Mit den Schmuckschatullen sowie den Geburtstagsgeschenken für sie und Elion in den Armen, kehrte sie schließlich diesem Haus endgültig den Rücken zu. Einen Blick zurück warf sie nicht. Jetzt, wo sie alles erledigt hatte, was ihr wichtig war, hatte sie nur noch einen Gedanken: weg.

Ihr Wunsch wurde sogar noch früher als gedacht erfüllt. Ihr neuer Vormund kam eine gute halbe Stunde zu früh. Da Neila in ihrer Aufbruchsstimmung dafür gesorgt hatte, dass Elion bereits wach, gewaschen und angezogen war sowie eine Kleinigkeit gegessen hatte und ihre Koffer bereitstanden, konnten sie auch sofort aufbrechen. Neila war in ihrem Kopf so damit beschäftigt, endlich mit Elion hier abzuhauen, dass sie den anderen Details ihrer Umgebung keine größere Beachtung schenkte. Nachdem sie sich bei ihrer Nachbarin noch einmal ausgiebig für deren Hilfe bedankt und sich von ihr verabschiedet hatte, konnte sie eines jedoch nicht übersehen.

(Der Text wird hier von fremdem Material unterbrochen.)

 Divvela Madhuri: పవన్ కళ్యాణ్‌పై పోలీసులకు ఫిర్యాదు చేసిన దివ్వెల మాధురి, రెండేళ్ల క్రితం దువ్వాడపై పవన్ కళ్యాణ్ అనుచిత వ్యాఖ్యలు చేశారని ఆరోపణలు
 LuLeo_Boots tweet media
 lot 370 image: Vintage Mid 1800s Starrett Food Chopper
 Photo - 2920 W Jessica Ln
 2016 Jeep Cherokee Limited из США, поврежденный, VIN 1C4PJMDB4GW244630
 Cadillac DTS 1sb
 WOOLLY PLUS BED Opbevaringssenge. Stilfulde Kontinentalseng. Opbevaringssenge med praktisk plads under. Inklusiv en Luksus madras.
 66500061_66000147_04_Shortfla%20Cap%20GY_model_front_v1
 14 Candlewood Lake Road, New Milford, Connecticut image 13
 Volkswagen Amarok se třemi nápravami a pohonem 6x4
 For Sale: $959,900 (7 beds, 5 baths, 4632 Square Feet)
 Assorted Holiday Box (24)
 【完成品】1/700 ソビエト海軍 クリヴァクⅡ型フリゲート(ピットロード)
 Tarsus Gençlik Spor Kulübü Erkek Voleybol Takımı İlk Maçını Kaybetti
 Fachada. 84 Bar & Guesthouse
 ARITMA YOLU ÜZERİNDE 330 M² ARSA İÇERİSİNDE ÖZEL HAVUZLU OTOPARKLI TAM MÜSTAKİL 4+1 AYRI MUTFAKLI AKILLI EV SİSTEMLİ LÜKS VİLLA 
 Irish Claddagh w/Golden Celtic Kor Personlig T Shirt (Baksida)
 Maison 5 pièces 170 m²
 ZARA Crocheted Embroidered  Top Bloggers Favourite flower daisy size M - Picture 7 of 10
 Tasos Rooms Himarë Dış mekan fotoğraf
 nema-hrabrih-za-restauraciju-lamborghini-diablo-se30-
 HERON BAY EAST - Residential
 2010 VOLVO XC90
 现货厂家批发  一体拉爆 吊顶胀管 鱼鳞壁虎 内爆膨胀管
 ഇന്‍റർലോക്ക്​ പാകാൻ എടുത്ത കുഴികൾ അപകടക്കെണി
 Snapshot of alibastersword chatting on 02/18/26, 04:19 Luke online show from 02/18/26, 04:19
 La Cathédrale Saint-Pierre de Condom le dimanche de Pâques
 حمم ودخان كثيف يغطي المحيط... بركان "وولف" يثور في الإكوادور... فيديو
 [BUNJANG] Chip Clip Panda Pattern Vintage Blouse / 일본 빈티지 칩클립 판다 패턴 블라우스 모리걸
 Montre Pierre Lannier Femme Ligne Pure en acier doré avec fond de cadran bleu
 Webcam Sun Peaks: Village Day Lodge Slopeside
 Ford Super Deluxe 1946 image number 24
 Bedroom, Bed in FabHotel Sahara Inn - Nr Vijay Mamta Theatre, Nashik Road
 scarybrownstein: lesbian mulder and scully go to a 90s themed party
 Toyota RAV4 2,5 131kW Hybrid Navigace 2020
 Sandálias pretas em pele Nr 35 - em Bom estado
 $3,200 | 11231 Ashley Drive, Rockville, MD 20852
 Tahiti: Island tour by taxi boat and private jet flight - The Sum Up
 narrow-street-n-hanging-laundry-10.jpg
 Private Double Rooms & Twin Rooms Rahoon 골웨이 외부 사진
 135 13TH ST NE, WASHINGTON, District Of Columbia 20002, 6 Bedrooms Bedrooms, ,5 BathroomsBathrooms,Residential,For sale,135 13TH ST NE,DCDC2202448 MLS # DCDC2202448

Da war noch ein Mann. Ein Mann, der sich darangemacht hatte ihren und Elions Koffer im Kofferraum zu verstauen. Wäre er nicht gewesen, wäre ihr wahrscheinlich nicht aufgefallen, dass das außerdem nicht irgendein Auto war. Es war ein schwarzer Mercedes, eine kleine Limousine, wie man sie aus Filmen kannte.

Neilas Füße trugen sie, während sie den anderen Mann am Kofferraum beäugte, automatisch über den gepflasterten Weg zum Auto. An ihren Arm geklammert ging ihr kleiner Bruder. Hinter ihr konnte sie die bestimmten Schritte ihres Vormunds hören, der sie auf den letzten Metern überholte und ihr die Autotür aufhielt. Der Kindersitz passte nicht ganz zu diesem Auto. Er machte dieses Bild irgendwie kaputt. Neila half Elion hinein und ging dann um das Auto herum, wo ihr dieser kleinere Mann mit einem freundlichen Lächeln die Tür aufhielt, ehe er sich vor sie ans Steuer setzte.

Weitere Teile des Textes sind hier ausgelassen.